Hi Kale. The way you shoot you could use either arrow and do just fine. If you look at a couple of the guys in the shoots you go to you will see both. Dean shoots the fatboys, Cody shoots ace's. Not that I'm in their class, but I shoot the 400- Beman 9.3's [which are rejected fatboys]. I have ground down an 80 grain fatboy tip to 65 grains, and at 57 lbs, 29" I'm getting 295 fps and the arrows are flying fine. I have found a difference down range between the fatter shafts and the skinnier shafts as the fatter shafts seem to have a parachute on them at longer distances. The skinnier shafts have less wind resistance and will stay flatter at longer ranges. Indoors it really doesn't matter as you always know the distance and can reference something to get an accurate distance. Here in Southern Alberta I will not use the fat shafts outdoors as the wind throws them sideways and they are terrible in the wind. Of course, I won't fork out the money for the ace's and have managed to collect acc's and I will use them as a terrific compromise.
I hope this helps. Oh yeah, I have found that you need a slightly larger vane, like 2.75" to aid them in flying well. The smaller, tiny 3d vanes don't seem to do it. Of course, if your form is excellent, then this may make a difference.
See ya at the nationals.
Terry


----------



## Brad HT (Dec 9, 2006)

I have used both fatboys and ACC's. I have never tried the ACE's, only because of the money issue, though I would love to try them sometime.

this year I decided to go with the ACC's for 3D to see if my score increased over my usual average. My score actually jumped quite a bit, by almost 10 points on average. There are other issues that play into this, but I am still convinced that the arrows helped that jump quite a bit. I did take into consideration of the line cutting abilities of the fatboys, and so I kept track of the arrow's impact point on every shot for several tournaments, and shoots. I have found for myself that there would have only been on average, only 3 targets out of 30 that having a fatter shaft would have garnered me a higher point. (I do concede that there can be many other factors in this, but its my only non scientific research).
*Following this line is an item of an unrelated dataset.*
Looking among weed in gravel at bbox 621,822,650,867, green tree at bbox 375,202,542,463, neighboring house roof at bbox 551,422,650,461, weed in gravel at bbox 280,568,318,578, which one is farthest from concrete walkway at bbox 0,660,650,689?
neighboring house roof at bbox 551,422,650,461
I really like the smaller more accurate shafts for my bow. they fly better, and its easier to find some that are exactly spined correctly for my bow, rather than having to settle for one of 3 or 4 sizes of fatboys.... Im not sure If ill switch back to the fat shafts again, if I do, itll be because I dont want to loose any of those expensive arrows...:wink:

I hope this helps, I could certainly go on and on about all the different choices I had to make with vanes, etc, and the effect It had on the accuracy of the flight, but it was an interesting process for me to go through, and I learned quite a bit about arrows...

B~:darkbeer:


----------



## Hopperton (Oct 30, 2005)

I am torn between fat and ACC this year after taking last year off due to work. I have been readin for two hours now on the two different groups and I must say for the $200.00 for a complete set of ACC arrows I am going to try them out.


----------



## Rootbeer LX (Jan 2, 2010)

I LOVE my FatBoys,can't see myself using anything else.


----------



## N7709K (Dec 17, 2008)

i'm really happy with my Victory nanoforce, but i also have done decent with gt xxx's


----------